= What is needed =
Every line below is to be given again precisely; images are to be left out.

*** Source data ***

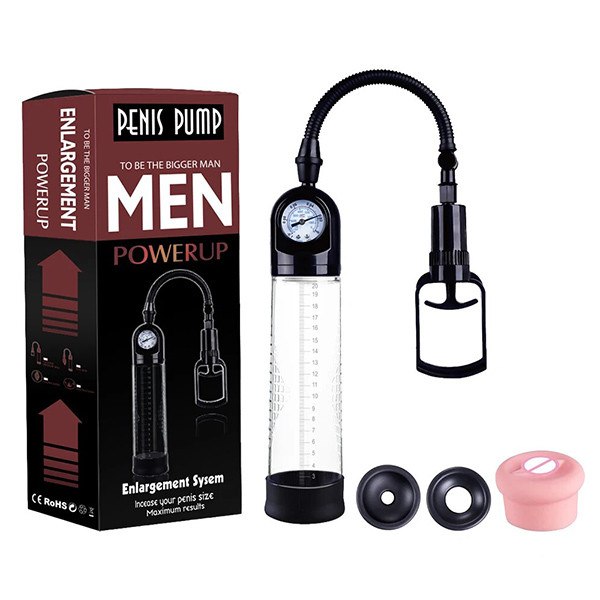 May Tap Duong Vat Penis Pump Powerup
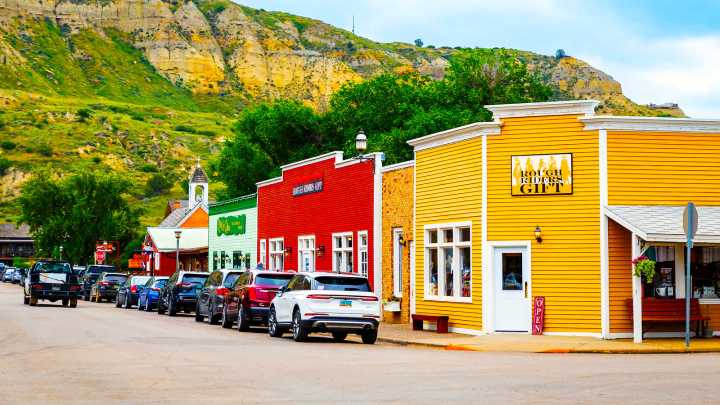 The Historic Town Where You Can Start An Adventure To Theodore Roosevelt National Park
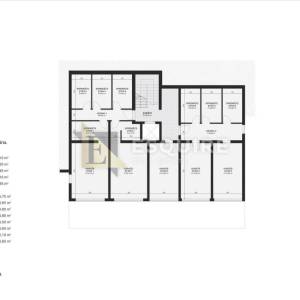 DIKLOVAC - Luksuzan trosoban penthouse, garaža - 155m2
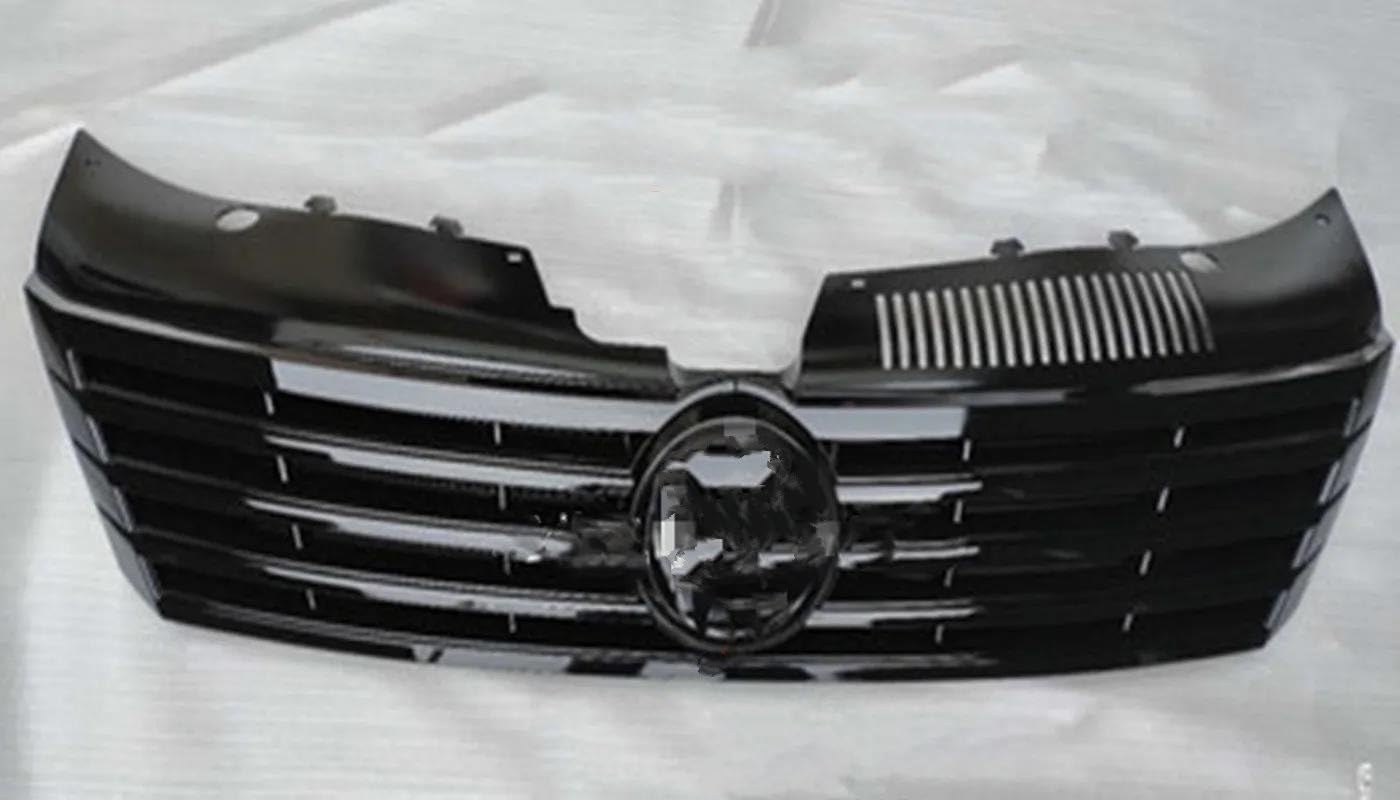 Frontstoßstangengrillmaske Kühlergrill Autoaußenzubehör Für VW Für Passat Für Cc 2013-2014 2015 2016 Renngrills Kühlergitter Auto Kühlergrill Frontgrill(B) von Bpjikxf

*** End of Source data ***

= Written solution =
 May Tap Duong Vat Penis Pump Powerup
 The Historic Town Where You Can Start An Adventure To Theodore Roosevelt National Park
 DIKLOVAC - Luksuzan trosoban penthouse, garaža - 155m2
 Frontstoßstangengrillmaske Kühlergrill Autoaußenzubehör Für VW Für Passat Für Cc 2013-2014 2015 2016 Renngrills Kühlergitter Auto Kühlergrill Frontgrill(B) von Bpjikxf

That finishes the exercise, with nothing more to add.